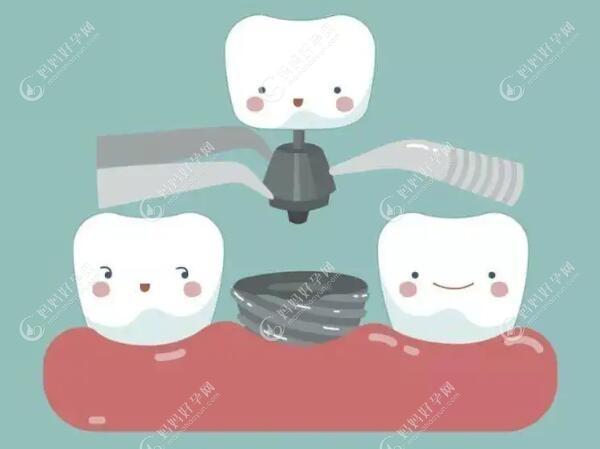 公布广州越秀区种植牙价格,附赠越秀区种牙好的牙科给你们!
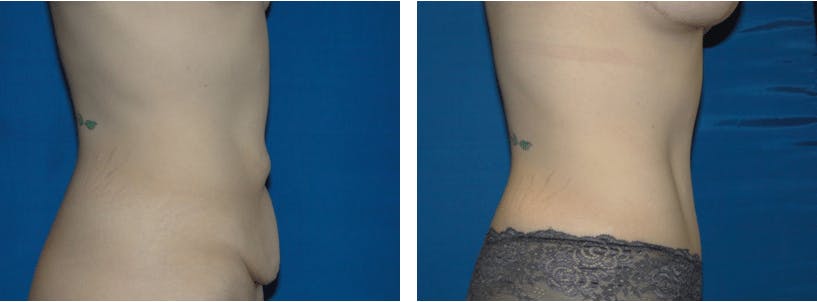 Tummy Tuck Before & After Gallery - Patient 74866384 - Image 2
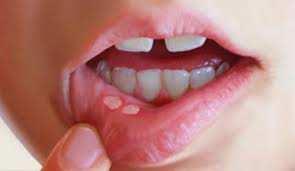 Estomatite Conceito: Inflamação da mucosa oral podendo ocorrer ulcerações,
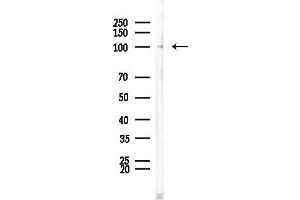 anti-Heat Shock 105kDa/110kDa Protein 1 (HSPH1) (C-Term) antibody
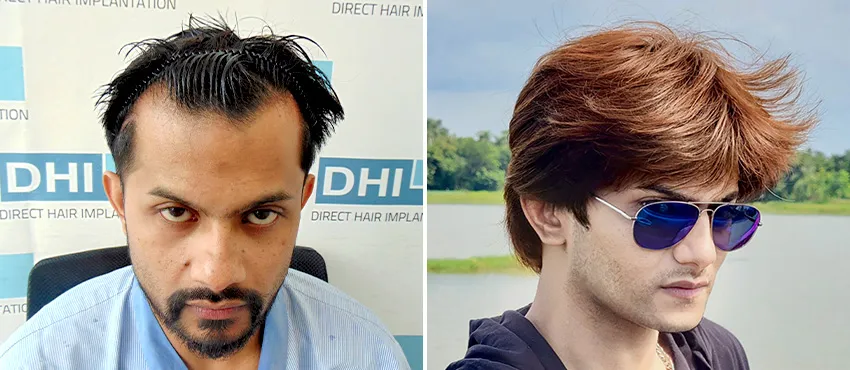 DHI before & after hair transplant results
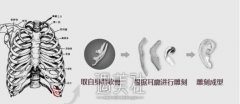 章庆国耳再造案例：他真的改变了我人生命运 width=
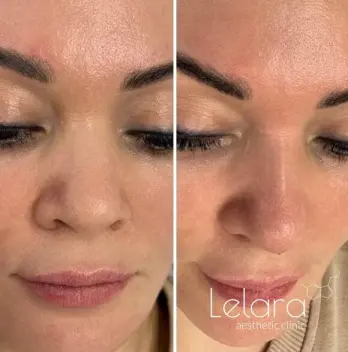 Nose Slimming Dubai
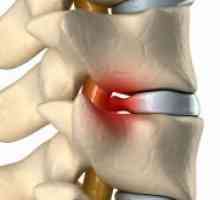 Рак на гръбначния стълб - Симптоми и признаци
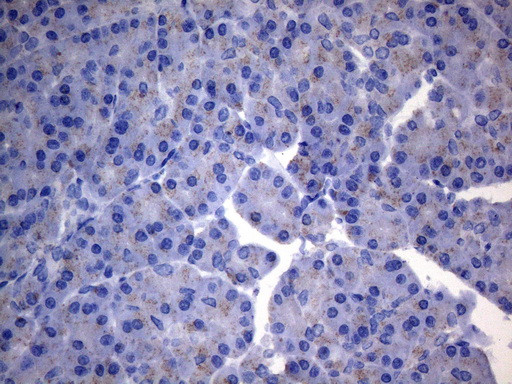 SDHB Antibody in Immunohistochemistry (Paraffin) (IHC (P))
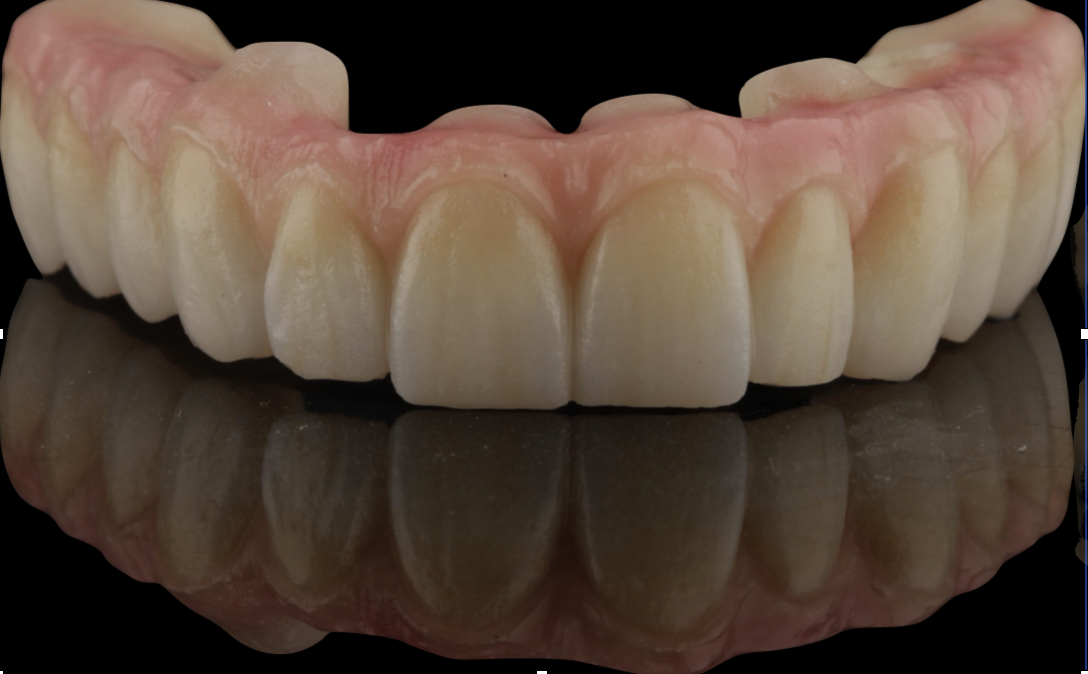 Rehabilitación oral completa sobre implantes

### Exercise requirements
Reproduce, word for word, every line from the one that contains "SDHB Antibody in" to the end of the data, including both ends; omit all pictures.

### Answer to this task
 SDHB Antibody in Immunohistochemistry (Paraffin) (IHC (P))
 Rehabilitación oral completa sobre implantes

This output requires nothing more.